### EXERCISE INSTRUCTIONS
Go over the listing below line by line, and return each one holding the string "show".

### GIVEN DATA
'''

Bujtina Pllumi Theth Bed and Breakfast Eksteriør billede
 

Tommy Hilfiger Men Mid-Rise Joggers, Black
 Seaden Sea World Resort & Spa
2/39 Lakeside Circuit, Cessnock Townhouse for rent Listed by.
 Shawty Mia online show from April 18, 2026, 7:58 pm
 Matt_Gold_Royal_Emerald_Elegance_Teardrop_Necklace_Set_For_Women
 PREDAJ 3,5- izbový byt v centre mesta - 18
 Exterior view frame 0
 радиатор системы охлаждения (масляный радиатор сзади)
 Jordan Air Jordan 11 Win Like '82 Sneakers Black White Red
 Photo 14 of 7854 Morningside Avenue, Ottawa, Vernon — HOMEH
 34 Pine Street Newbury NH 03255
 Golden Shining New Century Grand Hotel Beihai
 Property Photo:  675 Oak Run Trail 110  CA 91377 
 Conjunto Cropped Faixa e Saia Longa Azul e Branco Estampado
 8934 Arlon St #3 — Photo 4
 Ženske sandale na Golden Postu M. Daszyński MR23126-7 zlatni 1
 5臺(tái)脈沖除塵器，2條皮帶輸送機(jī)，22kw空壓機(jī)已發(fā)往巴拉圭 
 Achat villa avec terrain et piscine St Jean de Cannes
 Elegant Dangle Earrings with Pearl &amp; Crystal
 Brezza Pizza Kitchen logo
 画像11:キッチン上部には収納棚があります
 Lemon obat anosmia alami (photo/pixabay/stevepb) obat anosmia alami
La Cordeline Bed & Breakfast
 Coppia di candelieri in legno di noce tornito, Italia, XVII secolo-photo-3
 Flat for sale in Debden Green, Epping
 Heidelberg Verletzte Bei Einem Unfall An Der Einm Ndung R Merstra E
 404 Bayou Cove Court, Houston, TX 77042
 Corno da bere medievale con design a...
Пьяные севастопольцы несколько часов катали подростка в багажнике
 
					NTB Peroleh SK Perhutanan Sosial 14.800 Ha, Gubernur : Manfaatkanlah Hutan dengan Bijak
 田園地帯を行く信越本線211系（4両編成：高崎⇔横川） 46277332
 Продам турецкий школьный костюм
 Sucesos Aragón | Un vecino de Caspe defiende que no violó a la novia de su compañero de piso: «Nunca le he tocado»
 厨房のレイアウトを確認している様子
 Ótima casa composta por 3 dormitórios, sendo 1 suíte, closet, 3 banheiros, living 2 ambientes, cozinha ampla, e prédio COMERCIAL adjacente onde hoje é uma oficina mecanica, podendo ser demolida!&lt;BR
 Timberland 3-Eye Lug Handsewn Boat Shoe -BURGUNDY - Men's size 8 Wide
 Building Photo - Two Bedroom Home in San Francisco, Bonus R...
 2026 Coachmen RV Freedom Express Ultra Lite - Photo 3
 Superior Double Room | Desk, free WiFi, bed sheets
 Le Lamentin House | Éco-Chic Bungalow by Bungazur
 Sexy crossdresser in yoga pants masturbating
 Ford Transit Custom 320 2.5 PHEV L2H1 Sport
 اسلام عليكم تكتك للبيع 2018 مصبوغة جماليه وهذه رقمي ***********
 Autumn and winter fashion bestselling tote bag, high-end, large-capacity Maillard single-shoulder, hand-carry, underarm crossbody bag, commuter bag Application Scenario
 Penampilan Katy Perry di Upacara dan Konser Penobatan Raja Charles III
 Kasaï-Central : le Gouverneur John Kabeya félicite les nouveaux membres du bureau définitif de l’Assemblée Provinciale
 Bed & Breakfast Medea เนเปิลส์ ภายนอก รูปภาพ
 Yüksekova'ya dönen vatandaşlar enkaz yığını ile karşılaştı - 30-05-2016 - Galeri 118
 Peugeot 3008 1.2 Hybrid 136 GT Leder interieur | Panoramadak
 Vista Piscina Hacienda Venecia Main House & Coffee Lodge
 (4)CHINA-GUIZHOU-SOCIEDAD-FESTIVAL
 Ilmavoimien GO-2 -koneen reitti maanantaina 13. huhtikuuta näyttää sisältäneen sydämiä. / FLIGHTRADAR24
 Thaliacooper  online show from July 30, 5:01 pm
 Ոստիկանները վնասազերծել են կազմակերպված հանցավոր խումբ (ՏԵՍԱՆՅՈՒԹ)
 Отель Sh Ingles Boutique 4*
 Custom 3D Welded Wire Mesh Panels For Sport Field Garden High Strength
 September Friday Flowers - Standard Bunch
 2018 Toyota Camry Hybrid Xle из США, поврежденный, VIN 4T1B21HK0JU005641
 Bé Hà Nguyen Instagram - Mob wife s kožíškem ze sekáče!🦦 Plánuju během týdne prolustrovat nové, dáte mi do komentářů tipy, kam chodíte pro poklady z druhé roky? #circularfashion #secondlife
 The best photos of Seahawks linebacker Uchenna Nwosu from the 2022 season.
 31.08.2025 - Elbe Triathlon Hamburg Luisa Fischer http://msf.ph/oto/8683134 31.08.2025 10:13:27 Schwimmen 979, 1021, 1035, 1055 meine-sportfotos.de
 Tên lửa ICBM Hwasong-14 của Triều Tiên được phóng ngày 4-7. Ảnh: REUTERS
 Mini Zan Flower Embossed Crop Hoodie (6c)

'''

### RESPONSE BELOW
 Shawty Mia online show from April 18, 2026, 7:58 pm
 Thaliacooper  online show from July 30, 5:01 pm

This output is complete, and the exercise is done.